# Al-Qaeda accuses Iran of 9/11 lie



## RackMaster (Apr 22, 2008)

Maybe they'll start a new jihad against Iran and move away from the west. :uhh:  lol



> *   Al-Qaeda accuses Iran of 9/11 lie*
> * Al-Qaeda's deputy leader, Ayman al-Zawahiri, has blamed Iran for spreading the theory that Israel was behind the 11 September 2001 attacks. *
> In an audio tape posted on the internet, Zawahiri insisted al-Qaeda had carried out the attacks on the US.
> He accused Iran, and its Hezbollah allies, of trying to discredit Osama Bin Laden's network.
> ...


----------



## HoosierAnnie (Apr 22, 2008)

Makes me think of two misbehaving children, both of whom are to blame.  "He started it......"


----------



## Marauder06 (Apr 22, 2008)

Iran blames EVERYTHING on the Jews... if a giant asteroid fell out of the sky tonight and crushed an Iranian city, Tehran would be up on the news the next day with a giant flip chart showing how it was all some kind of Zionist conspiracy.


----------



## pardus (Apr 24, 2008)

Marauder06 said:


> Iran blames EVERYTHING on the Jews... if a giant asteroid fell out of the sky tonight and crushed an Iranian city, Tehran would be up on the news the next day with a giant flip chart showing how it was all some kind of Zionist conspiracy.



Well it makes sense, an asteriod does look like a star.......... of David! :eek:


----------



## SpitfireV (Apr 24, 2008)

It's interesting that AQ seems to be moving to an entirely Sunni outlook and away from their combined Sunni/Shiite "Hands Across Islam" rhetoric. Perhaps this shows that OBL is mostly out of the picture and now the EB guys are taking over more forcefully.


----------



## Simmerin' SigO (Apr 24, 2008)

See!  How great are the planning guys at Zionist Conspiracy HQs?
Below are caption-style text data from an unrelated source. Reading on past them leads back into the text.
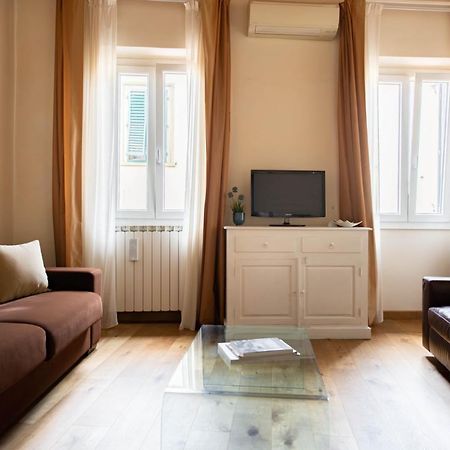 Modern, Bright Near Boboli Gardens & Santo Spirito - Homeunity فلورنس المظهر الخارجي الصورة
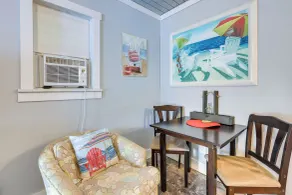1 Mi to Pier: Ocean Isle Beach Studio w/ Patio! - Interiør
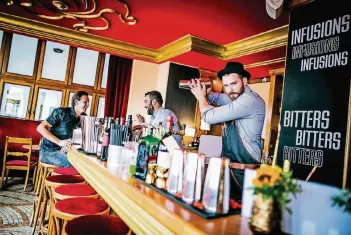  ?? RP-FOTO: ANNE ORTHEN ?? Der „Marcel’s“-Barkeeper Tim Ternhörst mischt die Cocktails aus frischen Zutaten.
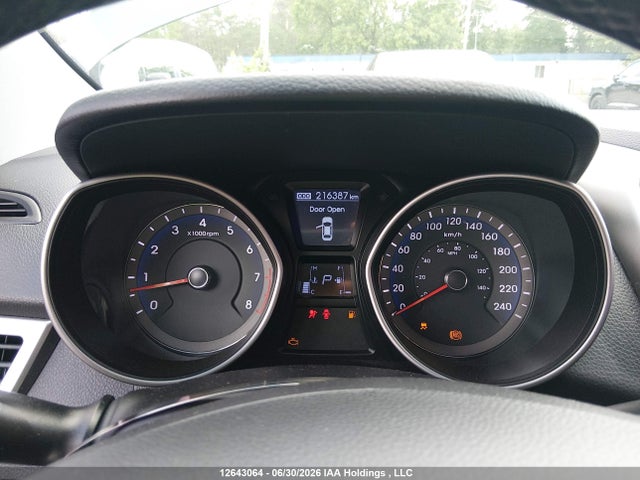 Продажа на аукционе авто 2013 Hyundai Elantra Gt, vin: KMHD35LEXDU021560, номер лота: 12643064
They've figured out how to get Iran to blame them, thus causing AQ to say "hey...wait a minute....that was OUR operation!  The Zionists didn't do that!"


----------



## HoosierAnnie (Apr 24, 2008)

Nah its not the ZIonists, its the Illuminati.  ;)


----------



## Simmerin' SigO (Apr 24, 2008)

HoosierAnnie said:


> Nah its not the ZIonists, its the Illuminati.  ;)



Ahhh! :doh:


Now is that part of the Tri-Lateral Commission, or is the Illuminati the major league club and the Tri-Lats/Zionists are the AAA minor league franchise?


----------



## HoosierAnnie (Apr 24, 2008)

Simmerin' SigO said:


> Ahhh! :doh: Now is that part of the Tri-Lateral Commission, or is the Illuminati the major league club and the Tri-Lats/Zionists are the AAA minor league franchise?



If I told you, I'd have to kill you.  ;)


----------